[proofplan]
We apply the [Gauss-Green Theorem](/theorems/28) to the product $w := uv$, which relates the integral of $\partial_{x_i} w$ over $U$ to a boundary integral involving the outward unit normal. Expanding $\partial_{x_i} w$ via the product rule produces two interior terms. Rearranging isolates the desired identity: the integral of $(\partial_{x_i} u) \cdot v$ equals minus the integral of $u \cdot \partial_{x_i} v$ plus a boundary correction term.
[/proofplan]
[step:Define the product $w := uv$ and apply the Gauss-Green theorem]
Fix $i \in \{1, \dots, n\}$. Define the function
\begin{align*}
w: \overline{U} &\to \mathbb{R} \\
x &\mapsto u(x) \, v(x).
\end{align*}
Since $u, v \in C^1(\overline{U})$, the product $w = uv \in C^1(\overline{U})$. Because $U \subseteq \mathbb{R}^n$ is a bounded open set with $C^1$ [boundary](/pages/1024), the hypotheses of the [Gauss-Green Theorem](/theorems/28) are satisfied. Applying it to $w$ in the $x_i$-direction yields
\begin{align*}
\int_U \frac{\partial w}{\partial x_i}(x) \, d\mathcal{L}^n(x) = \int_{\partial U} w(x) \, \nu^i(x) \, d\mathcal{H}^{n-1}(x).
\end{align*}
[guided]
Fix $i \in \{1, \dots, n\}$. The strategy is to apply the [Gauss-Green Theorem](/theorems/28) not to $u$ or $v$ individually, but to their product. Why the product? Because integration by parts is fundamentally about redistributing a derivative from one factor to the other, and the product rule is what enables this redistribution.
Define the function
\begin{align*}
w: \overline{U} &\to \mathbb{R} \\
x &\mapsto u(x) \, v(x).
\end{align*}
Since $u, v \in C^1(\overline{U})$, the product rule for differentiation ensures $w \in C^1(\overline{U})$. The [Gauss-Green Theorem](/theorems/28) requires that (i) $U \subseteq \mathbb{R}^n$ is a bounded open set with $C^1$ boundary, and (ii) the integrand belongs to $C^1(\overline{U})$. Both conditions are satisfied: condition (i) is a hypothesis of the present theorem, and condition (ii) holds because $w = uv \in C^1(\overline{U})$ as just established. Applying the Gauss-Green Theorem to $w$ in the $x_i$-direction gives
\begin{align*}
\int_U \frac{\partial w}{\partial x_i}(x) \, d\mathcal{L}^n(x) = \int_{\partial U} w(x) \, \nu^i(x) \, d\mathcal{H}^{n-1}(x).
\end{align*}
This identity converts a volume integral of a derivative into a boundary integral weighted by the $i$-th component of the outward unit normal $\nu(x) = (\nu^1(x), \dots, \nu^n(x))$.
[/guided]
[/step]
[step:Expand $\partial_{x_i} w$ via the product rule]

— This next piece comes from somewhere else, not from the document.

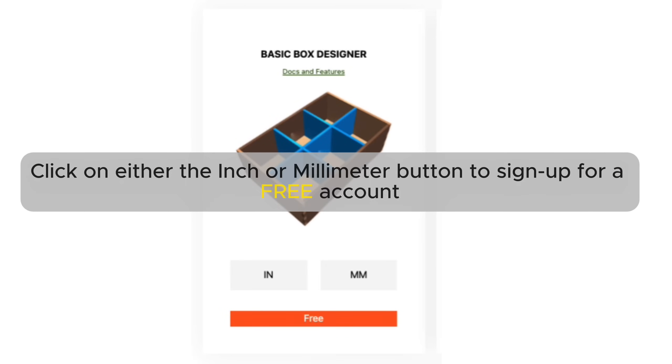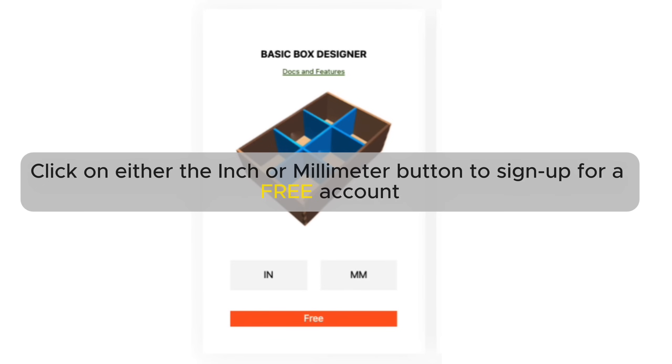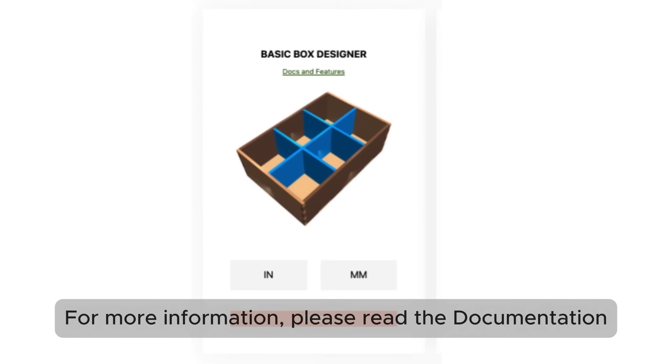Click on either the inch or millimeter button to sign up for a free account. For more information, please read the documentation.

By the product rule for partial derivatives applied to $w = uv$,
\begin{align*}
\frac{\partial w}{\partial x_i}(x) = \frac{\partial u}{\partial x_i}(x) \, v(x) + u(x) \, \frac{\partial v}{\partial x_i}(x).
\end{align*}
Substituting this into the left-hand side of the Gauss-Green identity and writing $w = uv$ on the right-hand side gives
\begin{align*}
\int_U \frac{\partial u}{\partial x_i}(x) \, v(x) \, d\mathcal{L}^n(x) + \int_U u(x) \, \frac{\partial v}{\partial x_i}(x) \, d\mathcal{L}^n(x) = \int_{\partial U} u(x) \, v(x) \, \nu^i(x) \, d\mathcal{H}^{n-1}(x).
\end{align*}
Here we used the linearity of the [Lebesgue integral](/pages/1152) to split the left-hand side into two integrals.
[guided]
We now expand the derivative $\partial_{x_i} w$ using the product rule. Since $w(x) = u(x) \, v(x)$ and both $u, v \in C^1(\overline{U})$, the product rule for partial derivatives gives
\begin{align*}
\frac{\partial w}{\partial x_i}(x) = \frac{\partial u}{\partial x_i}(x) \, v(x) + u(x) \, \frac{\partial v}{\partial x_i}(x).
\end{align*}
Substituting this expansion into the left-hand side of the Gauss-Green identity from the previous step, and replacing $w(x) = u(x) \, v(x)$ on the right-hand side, we obtain
\begin{align*}
\int_U \left( \frac{\partial u}{\partial x_i}(x) \, v(x) + u(x) \, \frac{\partial v}{\partial x_i}(x) \right) d\mathcal{L}^n(x) = \int_{\partial U} u(x) \, v(x) \, \nu^i(x) \, d\mathcal{H}^{n-1}(x).
\end{align*}
By linearity of the Lebesgue integral, the left-hand side splits as
\begin{align*}
\int_U \frac{\partial u}{\partial x_i}(x) \, v(x) \, d\mathcal{L}^n(x) + \int_U u(x) \, \frac{\partial v}{\partial x_i}(x) \, d\mathcal{L}^n(x) = \int_{\partial U} u(x) \, v(x) \, \nu^i(x) \, d\mathcal{H}^{n-1}(x).
\end{align*}
Notice how the product rule has produced exactly the two interior terms that appear in the integration-by-parts formula. The derivative that originally acted on the product $w = uv$ has been distributed between $u$ and $v$.
[/guided]
[/step]
[step:Rearrange to isolate the integration-by-parts identity]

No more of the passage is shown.